Graham was a tinkerer. He loved machinery, especially the old carding and spinning machines that were being replaced by computerization. He bought these up, shipped them to Oaxaca from the United States and the United Kingdom, and refurbished them. Often, he would find or make the parts to keep them going. Many were 30 and 40 years old already.
Over time the mill diversified and made luxuriously soft merino bed blankets and throws, fancy yak hair mecate horse reins, cinch chord for saddle belts, colorful wool tassels to decorate saddles, horse blankets and rugs for home decor.
They kept a supply of all types of wool to work with and blend, continuing to experiment to produce soft and durable products. In addition to merino, the mill cleaned and spun cashmere, mohair, Lincoln and other breeds. They still do.

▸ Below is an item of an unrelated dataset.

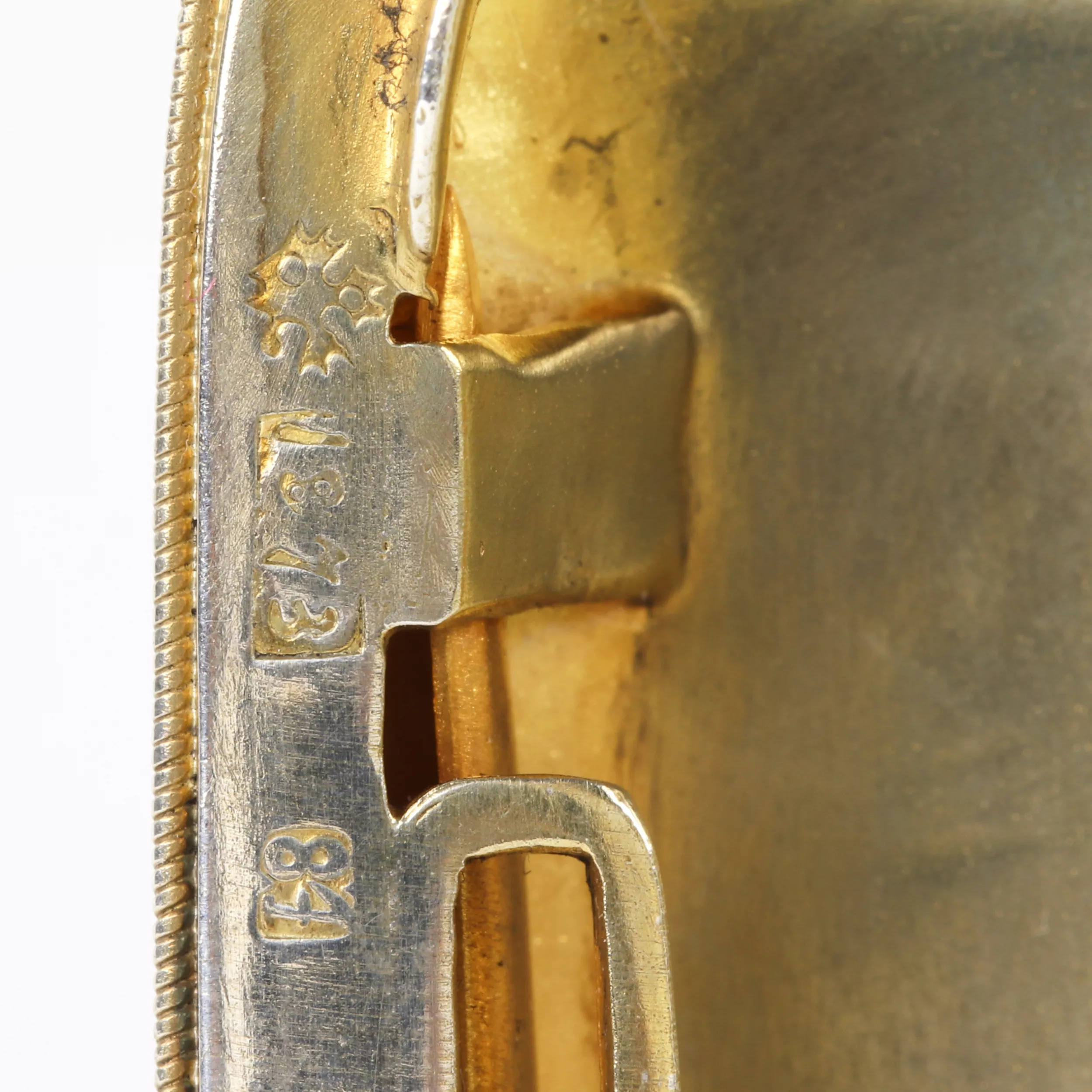 Etui à cigarettes en argent avec dorure et email cloisonne.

Then, Graham died suddenly from a heart attack in 2009, and there was a question about who would keep the business going.

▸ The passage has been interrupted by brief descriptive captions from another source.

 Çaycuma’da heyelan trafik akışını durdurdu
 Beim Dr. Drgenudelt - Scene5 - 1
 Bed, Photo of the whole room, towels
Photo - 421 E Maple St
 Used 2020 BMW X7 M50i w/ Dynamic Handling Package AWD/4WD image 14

I remember when I first met Graham on one of my early visits to Oaxaca. It was probably 2005 or 2006. The mill was running at full capacity and you could hear the hum of machinery as you walked down the open corridor separating the rooms where the work was done. It was impressive then what these old machines and talented local employees could do.
Now, when I revisited with my friend Scott Roth, who has been working with weavers, wool, dyes, and the hand-loomed rug weaving process for over 40 years, I could see the changes. Scott brought with him replacement parts for some of the machines. Machines that were working ten years ago now need repair. Old belts, bearings, wires, cogs and wheels break, wear out.
For the past two years, Graham’s 37-year old daughter Rebecca has stepped in and is learning the operation. The mill is 25 years old and Rebecca is determined to keep her father’s dream alive.
At her side are Rosalba (Rosie) Martinez Garcia, who has been there for 18 years and knows just about everything about the mill. Helping are Angel Laer Ambocio Perez (above) and Alejandro Maldonado Santiago. They know a thing or two, too, although their tenure is much shorter.
Rebecca loves textiles. She loves yarn. She wants to supply all types of yarns for knitting and weaving and other fiber arts. There are beautiful rugs and blankets stacked on shelves that were made before her father passed that are for sale.
Spare parts for anything is essential here in Mexico. Equipment can be old. It can still be good, functional, valued. If one has the necessary parts to keep it going. Graham wasn’t the only tinkerer here. People save, cobble together, recycle, repurpose. Things get jimmied together and continue to work. People here learn how to be resourceful with what they have. It’s something I’ve learned being here.
As Scott and Rebecca worked out numbers to complete their transaction, I wandered the mill, remembering Graham. A cat ran across the corridor to hide. A young tree struggled to grow up from the crack in the concrete. A rusted yarn holder cast shadows on the adobe wall. I loved being there, another part of the textile heaven that is Oaxaca.
Where to Find It: Lanera de Ocotlan, 119 Benito Juarez, Ocotlan de Morelos, Oaxaca, Tel: 951-294-7062. Email: Rebecca Johnson at email@example.com for an appointment to visit. Directions: Continue straight past the Zocalo and the Mercado Morelos two blocks. The wool mill door will be on your left. It is unmarked.
Footnote: *Local wool is shorn from churro sheep which were brought to Mexico by the Spaniards with the conquest in 1521. The sheep are raised in the high mountains above Ocotlan in San Baltazar Chichicapam. The mountain range separates the Tlacolula and Ocotlan valleys. The altitude there produces a soft, dense fleece. There are still some, like Yolande Perez Vasquez, who use hand carders and the drop spindle to produce the best yarn, but this is a costly, labor-intensive process that yields a premium yarn that is very dye absorbent. Few weavers are able to pay the price.